What the aggregate data does and does not tell you
The value of the aggregate is orientation: it tells you the order of magnitude and the shape of the sentencing distribution by district and by charge. It does not, and cannot, predict what a specific client will receive, which depends on the offense, the guideline range, criminal history, any mandatory minimum, acceptance of responsibility, and the court's judgment. A district's median reflects its case mix as much as its bench, so the figures do not measure any judge and are not a ranking. They are a descriptive picture of past public records, used to frame an argument, never to make a finding about a person or a court.

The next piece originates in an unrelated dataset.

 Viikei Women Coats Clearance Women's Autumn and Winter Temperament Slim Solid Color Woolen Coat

The data study breaks the median down by district and by offense category, so you can pull the recorded distribution for the specific charge in front of you, with a downloadable CSV and the full methodology.

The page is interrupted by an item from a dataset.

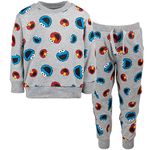 Sesame Street Cookie Monster Elmo Toddler Boys French Terry Sweatshirt and Pants Set Grey 3T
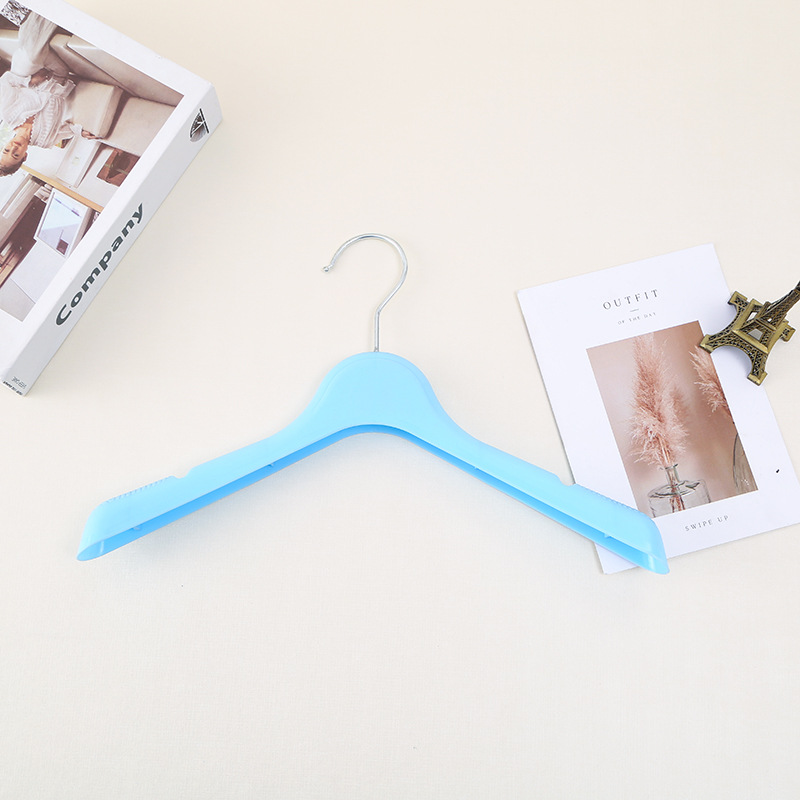 厂家直销塑料儿童衣架童装小孩宝宝白色塑料挂衣架子服装店用衣挂细节图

Open the federal sentencing-disparity data study →Reference
For the full ranking of district medians, the offense-controlled cuts, and the methodology, with a downloadable CSV and JSON, see the federal sentencing-disparity data study. For the full set of free federal sentencing studies, start at the federal sentencing data hub.
Common questions
- What is inter-district federal sentencing disparity?
- It is the variation in the sentence imposed for federal offenses depending on which of the 94 federal judicial districts hears the case. Across 378,458 individual-offender records in the public USSC datafile (FY2020–FY2025), the national median prison sentence is 21 months, but the district median ranges from 4 months in D. New Mexico to 87 months in S.D. Iowa, a 21.8× spread. That range is a descriptive summary of past records, not a prediction of any one case.

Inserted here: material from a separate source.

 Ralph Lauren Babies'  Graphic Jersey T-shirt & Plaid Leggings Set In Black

- How do attorneys use disparity evidence in a sentencing argument?
- The federal sentencing statute directs a court to consider "the need to avoid unwarranted sentence disparities among defendants with similar records who have been found guilty of similar conduct" (18 U.S.C. § 3553(a)(6)). Attorneys read that factor as a footing to place a proposed sentence against the recorded distribution for the same charge and criminal-history profile, so the argument is grounded in the aggregate data rather than an assertion. The aggregate figures orient that argument; they do not decide it, and they do not measure any judge.
- Does a higher district median prove that district's bench is more severe?
- No, not by itself. A district's overall median reflects its case mix as much as its bench. The border districts post low medians largely because their dockets are heavy with high-volume, low-level immigration cases, not because their judges are lenient on serious crime. That is why the study also reports the median within a single charge type, where the geographic gap still holds. Read the figures as descriptive, not as a finding about any court or judge.
- Does the geographic gap survive controlling for the offense?
- Yes. For drug-trafficking cases, one of the two largest federal offense categories by count (n=107,244), the district median ranges from 12 to 132 months across the 92 districts with at least 100 such cases, against a national median of 60 months. Firearms, fraud, and immigration cases show the same pattern. Holding the charge constant isolates more, but not all, of the local charging-culture and judicial component.
- Where does the data come from and can it be reproduced?
- The figures are a descriptive aggregate of the 378,458 FY2020–FY2025 individual-offender records in the public U.S. Sentencing Commission datafile, snapshot 2026-06-26. Each district figure is the median (50th percentile) of total prison months for records with a numeric prison term; probation-only and life-coded terms are excluded from the median. Every number is reproducible from the public source by re-running the published analysis script, and the analysis identifies no individual. The full breakdown by district and by charge is in the companion data study.
This guide is general legal-information for practitioners, not legal advice, and the figures are descriptive aggregates over past public records, not a prediction of any specific case. Confirm every figure against the underlying data and the applicable statute and guideline before relying on it.